John Major provides succour to Miliband with demand for windfall tax on energy companies

John Major demanded a windfall tax on energy companies today, in a brazen move which will win him few friends in the Tory party.

The former Conservative prime minister sounded as if he was reading from the Labour hymn sheet during a press gallery lunch in which he said energy prices were "unacceptable" and that the government "will have to intervene" to help people in fuel poverty.

He proposed an "emergency excess profits" tax on energy firms.

While stopping well short of backing Ed Miliband's plans for a freeze on energy prices, the intervention by Major was rhetorically much closer in line with the position of the Labour leader than David Cameron.

In a speech which was praised by many of the journalists listening to it, Major berated the lack of attention the political class had paid to the "silent have-nots" and "lace curtain poverty".

He also raised worries about plans by Iain Duncan Smith to reform welfare, saying it would only work if he listened to people other than "bean counters" and his cheerleaders.

"Unless Iain Duncan Smith is very lucky, which he may not be, or a genius, which is unproven, he may get some of it wrong," he said.

Commenting on his own comment in power that his Cabinet critics were "bastards", he said: "Calling my colleagues bastards was absolutely unforgivable and my only excuse is it was true."

He also warned the Tory party not to "navel gaze" on their pet issues, saying the public were not interested in "ideology and Europe".

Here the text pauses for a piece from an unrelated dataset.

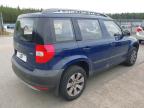 2010 SKODA YETI S TDI for sale at Copart WHITBURN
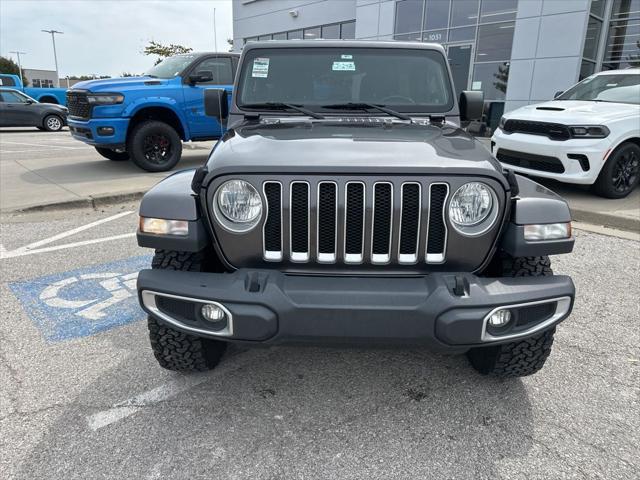 2019 Jeep Wrangler Unlimited Sahara 4x4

He added: "The threat of a federal Europe is as dead as Jacob Marley."

He said neither Labour nor the Tories could "claim to be national parties".

But the former prime minister did some damage to Labour too, not least when he mistakenly called Ed Miliband by the name of his older brother.

He also accused New Labour of wasting its time and the nation's finances in office, saying: "Never was so much spent to achieve so little."

Noticing Labour MP Nick Brown in the audience, he commented: "It is good to see you. I thought you were dead."